Es handelt sich um eine Stiftungsprofessur, in der Prof. Wilhelm Schmitz, der Dekan der Medizinischen Fakultät, eine willkommene Verstärkung sieht. Die Entzündungsmedizin, zu der die Rheumatologie fachlich gehört, stellt einen von fünf Forschungs- und Behandlungsschwerpunkten der münsterschen Hochschulmedizin dar. „Damit können wir den ohnehin schon starken Schwerpunkt weiter ausbauen.“ Nach Angaben von Schmitz gibt es bundesweit erst 13 Professuren an den Hochschulen, die sich speziell mit der Rheumatologie befassen. In Nordrhein-Westfalen, das mit 18 Millionen mehr Einwohner hat als die Niederlande, sei die jetzt eingerichtete Professur erst die zweite. „Schon deshalb hat sie für uns einen sehr hohen Stellenwert“, so Schmitz.

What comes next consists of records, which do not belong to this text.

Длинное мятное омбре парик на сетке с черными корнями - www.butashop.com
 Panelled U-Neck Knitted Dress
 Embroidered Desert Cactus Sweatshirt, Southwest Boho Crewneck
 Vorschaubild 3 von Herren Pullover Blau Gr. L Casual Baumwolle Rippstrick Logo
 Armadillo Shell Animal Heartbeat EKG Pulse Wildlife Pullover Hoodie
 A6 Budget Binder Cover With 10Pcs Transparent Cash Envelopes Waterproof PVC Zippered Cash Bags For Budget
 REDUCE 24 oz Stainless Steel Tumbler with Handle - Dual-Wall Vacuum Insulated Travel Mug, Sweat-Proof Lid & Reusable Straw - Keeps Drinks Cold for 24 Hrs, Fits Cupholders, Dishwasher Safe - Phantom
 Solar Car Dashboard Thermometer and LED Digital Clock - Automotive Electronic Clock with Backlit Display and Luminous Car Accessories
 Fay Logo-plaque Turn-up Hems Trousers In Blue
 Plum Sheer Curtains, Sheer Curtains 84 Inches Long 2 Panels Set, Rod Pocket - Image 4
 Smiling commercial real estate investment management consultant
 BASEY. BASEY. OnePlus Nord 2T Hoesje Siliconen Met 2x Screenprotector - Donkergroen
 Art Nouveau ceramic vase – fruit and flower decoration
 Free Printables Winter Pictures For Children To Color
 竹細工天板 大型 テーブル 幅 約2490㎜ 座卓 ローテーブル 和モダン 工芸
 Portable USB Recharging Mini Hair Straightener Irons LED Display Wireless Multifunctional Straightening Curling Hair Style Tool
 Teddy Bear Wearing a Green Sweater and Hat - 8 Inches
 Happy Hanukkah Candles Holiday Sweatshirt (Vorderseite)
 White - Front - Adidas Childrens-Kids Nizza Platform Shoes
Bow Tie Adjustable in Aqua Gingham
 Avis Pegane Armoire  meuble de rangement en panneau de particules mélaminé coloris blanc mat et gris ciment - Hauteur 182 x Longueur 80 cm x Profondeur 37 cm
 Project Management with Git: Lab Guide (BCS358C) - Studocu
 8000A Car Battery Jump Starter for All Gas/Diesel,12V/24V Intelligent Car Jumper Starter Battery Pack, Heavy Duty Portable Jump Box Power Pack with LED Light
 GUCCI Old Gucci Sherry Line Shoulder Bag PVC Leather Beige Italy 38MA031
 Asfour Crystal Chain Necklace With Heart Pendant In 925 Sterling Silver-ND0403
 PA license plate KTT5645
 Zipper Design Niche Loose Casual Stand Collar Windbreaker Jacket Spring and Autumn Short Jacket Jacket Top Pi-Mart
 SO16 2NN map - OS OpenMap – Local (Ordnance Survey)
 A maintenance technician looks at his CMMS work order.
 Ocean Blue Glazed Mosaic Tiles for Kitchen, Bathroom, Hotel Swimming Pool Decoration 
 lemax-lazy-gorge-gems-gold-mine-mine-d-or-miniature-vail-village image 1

Neben der Möglichkeit zum Ausbau der rheumatologischen Forschung sieht Schmitz einen weiteren Brennpunkt im Bereich der Lehre. In Deutschland praktizieren lediglich 600 internistische Rheumatologen - und damit weniger als halb so viele, wie für eine ausreichende medizinische Versorgung notwendig wären. Tendenz: rückläufig. „Das Interesse an einem bestimmten Fachgebiet kann und sollte man schon im Studium wecken.“ Nun hofft der Dekan über eine intensivierte rheumatologische Lehre künftig mehr Nachwuchs für das Fach gewinnen zu können.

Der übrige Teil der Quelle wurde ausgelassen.